C'est difficile à expliquer, j'arrive pas trop à savoir d'où ça vient, mais j'ai une fascination totale pour les jeux olympiques d'hiver. Peut-être parce que les premiers à m'avoir ensorcelée, avaient lieu à Albertville, à quelques kilomètres seulement de chez moi, alors que j'avais 14 ans. Ca tombait bien, on avait de la neige plein le jardin, c'était les vacances scolaires de février, si bien que j'étais restée scotchée à la télé, et c'est là que j'avais découvert Decouflé d'abord, puis tous nos héros médaillés, Edgar Grospiron au ski à bosses, Fabrice Guy au combiné nordique, les fameux Duchesnay en patinage... Cette année, quelle n'est pas ma frustration. D'abord Vancouver, c'est loin et c'est une planète qui ne vit pas dans le même espace temps que nous. Difficile donc de se connecter aux épreuves quand elles commencent à 8h du soir. Ensuite, mon antenne de télé est morte, et capter un direct sur internet est très aléatoire.

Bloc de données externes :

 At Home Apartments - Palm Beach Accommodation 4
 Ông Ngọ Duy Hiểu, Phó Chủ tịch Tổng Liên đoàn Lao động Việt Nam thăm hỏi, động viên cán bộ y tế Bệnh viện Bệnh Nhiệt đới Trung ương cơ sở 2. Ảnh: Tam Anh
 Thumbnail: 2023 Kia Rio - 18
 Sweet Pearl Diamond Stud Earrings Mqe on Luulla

J'ai quand-même réussi à soutenir la médaille de bronze de la petite lyonnaise en biathlon (cocorico ! j'aime me persuader que j'ai participé à la réussite de cette petite par mes merveilleuses ondes d'optimisme) et à suivre un vague résumé de la victoire du suisse Hamman en saut à ski. En voilà une bien belle épreuve. Je me demande qui a bien pu inventer ça. Celui qui s'apprête à sauter, est tout seul là-haut sur son perchoir, il est mi homme mi oiseau. Il glisse d'abord parfaitement sur ce sautoir à la courbe parfaite, puis s'élance dans le ciel, d'où il peut quasiment toucher du doigt les nuages plutôt bas en cette saison, avant de retomber les pieds sur la neige ferme, comme si tout ça était facile, comme si ça allait de soit, comme si on était tous capables de voler avec cette élégance folle, et l'impertinence d'un débutant qui ne l'est pas.

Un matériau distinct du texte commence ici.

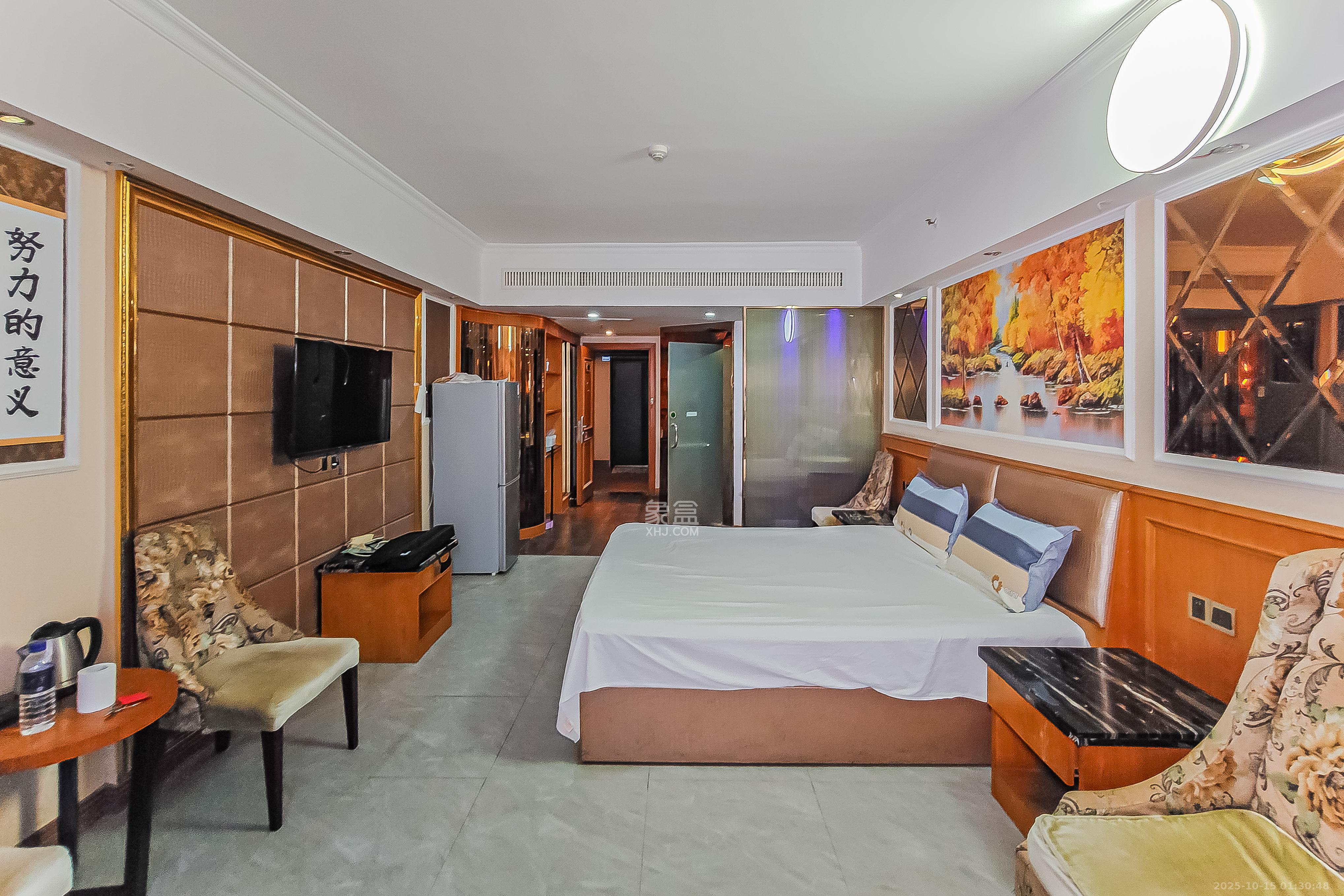 三重星都心  1室1厅1卫    32.8万卧室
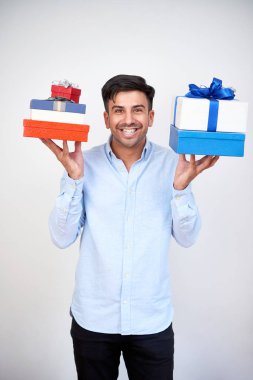 Noel tutan mutlu genç adam portresi elinde beyaz arka plan üzerinde sunuyor.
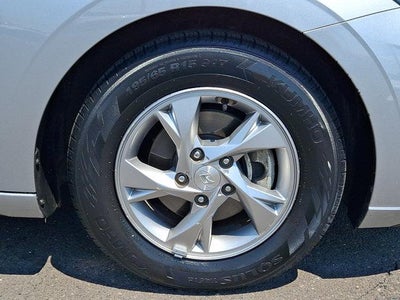2021 Hyundai ELANTRA SE IVT
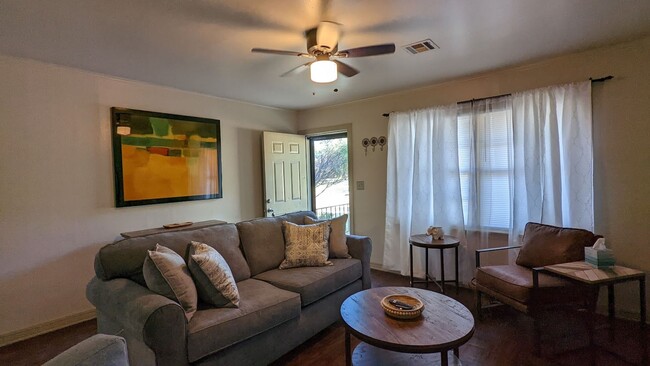 Building Photo - Furnished Corporate 2 Bed 1 Bath 1 Car Gar...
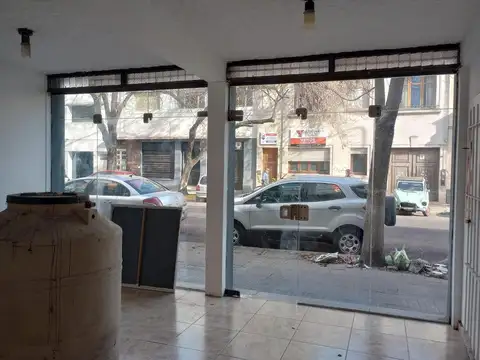 Local en Alquiler 40 años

A bien les regarder, elles sont toutes aussi improbables les unes que les autres, ces épreuves. Elles ne servent à rien, juste à faire rêver. Certes les JO d'été, eux aussi, ont leur part de magie. L'anatomie humaine est poussée dans ses retranchements, le corps dénudé est magnifié. L'homme va jusqu'au bout de l'homme. Mais l'hiver... Serait-ce la neige, le givre, les éclats de lumière de la glace qui transforment l'homme emmitouflé en dieu ? Armé de skis ou d'une luge, et d'un bonnet, il défie les lois de la nature, il plane toujours plus loin, il glisse toujours plus vite. Si bien que, les yeux écarquillés, la bouche grande ouverte, on se dit qu'au delà d'une certaine dose de courage, ils sont surtout complètement inconscients, ces athlètes ! Même le curling, qui ne met pas particulièrement ses participants dans une position surhumaine, me fait halluciner, je ne vois aucun équivalent l'été qui soit aussi décalé.

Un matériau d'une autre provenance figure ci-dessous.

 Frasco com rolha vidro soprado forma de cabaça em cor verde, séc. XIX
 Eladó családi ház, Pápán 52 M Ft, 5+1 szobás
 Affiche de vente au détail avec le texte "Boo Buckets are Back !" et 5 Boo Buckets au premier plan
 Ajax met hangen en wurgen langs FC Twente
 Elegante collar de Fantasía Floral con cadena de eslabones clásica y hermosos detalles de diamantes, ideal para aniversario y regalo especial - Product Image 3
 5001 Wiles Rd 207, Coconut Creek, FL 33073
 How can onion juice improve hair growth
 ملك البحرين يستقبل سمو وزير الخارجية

Alors ce soir, ma chambre ressemble à chalet dans la montagne. A la fenêtre, le combiné nordique et le biathlon homme, où l'on attend quelques petits chouchous qui réussiront ou non. C'est le spectacle incessant des JO, les grands gagnants annoncés n'ont que l'espace d'un instant pour accomplir ce qu'on attend d'eux, et parfois la pression les relègue au rang de l'illustre inconnu, quand un petit poucet que personne ne connaît, lui vole la vedette en 2 temps 3 mouvements. C'est le drame pour l'un, le conte de fées pour l'autre, l'ombre ou la lumière.